Vacuum Interrupter Technology for 245kV: IEC 62271-100 Standards and Multi-Break Series-Interrupter Developments
Manufacturers have been commercializing vacuum technology for 245KV applications with multi-break series interrupter designs. In essence, they are assembling multiple vacuum interrupters so that the voltage is evenly distributed across multiple devices instead of being concentrated in one place. These designs have recently become compliant with IEC 62271-100 standards for 245kV/ 50kA breaking capacity, a significant breakthrough for the industry. One of the prototype models is designed to interrupt current flow in 2 electrical cycles, making it 40% faster than traditional single break interrupters. Additionally, this model employs copper-chromium (Cu/Cr) contact
systems that reduce chopping current to < 3 A. Several early prototype models have been incorporated into the European power grid since last year. Most industry experts believe that vacuum technology will ultimately substitute SF6 gas in high voltage applications where environmental concerns are a priority.
FAQ
What is the main benefit of using vacuum circuit breakers as opposed to SF6 and air-break systems?
When it comes to high voltage systems, vacuum circuit breakers have quicker recovery of dielectric strength which leads to quicker quenching of the arc and reduced voltage spikes.

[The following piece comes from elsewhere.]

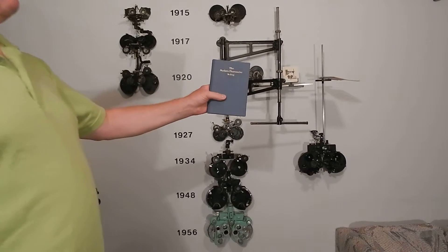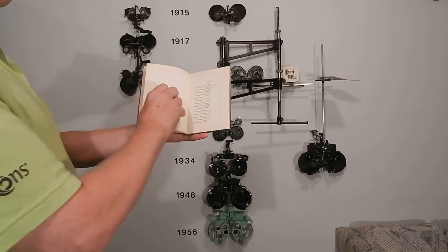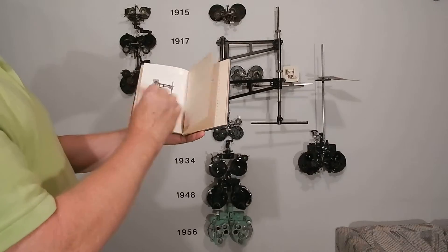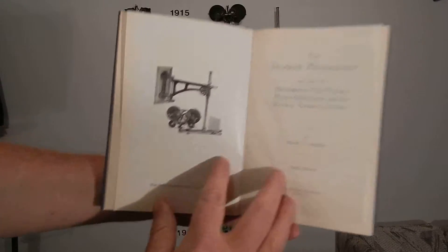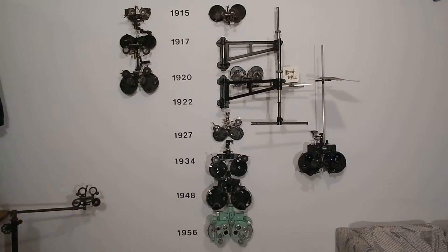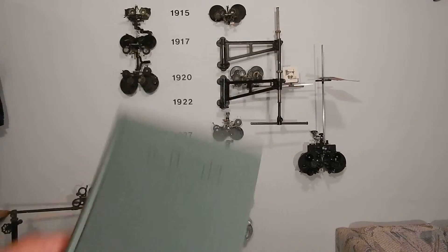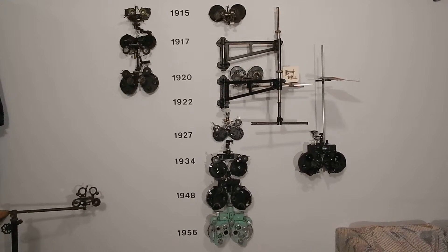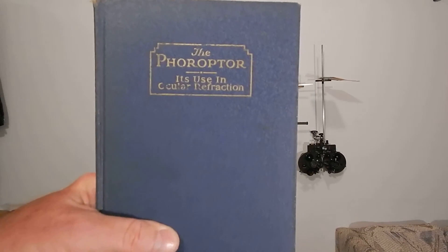De Zeng wrote 'The Modern Phoropter by de Zeng' in 1917, and it's got pictures. You've seen that picture before. Then when the phoropter came out he wrote another book in 1922: 'The Phoropter by de Zeng.' Play the guy — when American Optical bought him out in 1925 they put out the 1927 version, and the book became 'The Phoropter by American Optical.'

This means that vacuum circuit breakers can operate at a much higher level of efficiency than the other systems.
What can you tell me about the design of SF6 breakers that makes it possible for vacuum interrupters to have a smaller size?
Due to the SF6 breakers having a lower dielectric strength, they need to have larger contact gaps. Because of this, vacuum interrupters need about 30-40% less space than the SF6 breakers.
Vacuum interrupters have a lifespan of over 20,000 operations, and because of this they have low failure rates. This low failure rate means that they can operate at about 30 years of success. This low rate of failure and high rate of success means that vacuum interrupters can have about 40% lower costs than the older technologies due to the less required maintenance and repairs
Is there an advantage to using vacuum interrupters over SF6 breakers when it comes to the environment?
Of course! Vacuum interrupters eliminate the need for gas management systems, and they are also moisture immune. There are little to no hazardous byproducts produced. Because of this, there are less environmental costs as well as less financial costs associated with SF6 systems.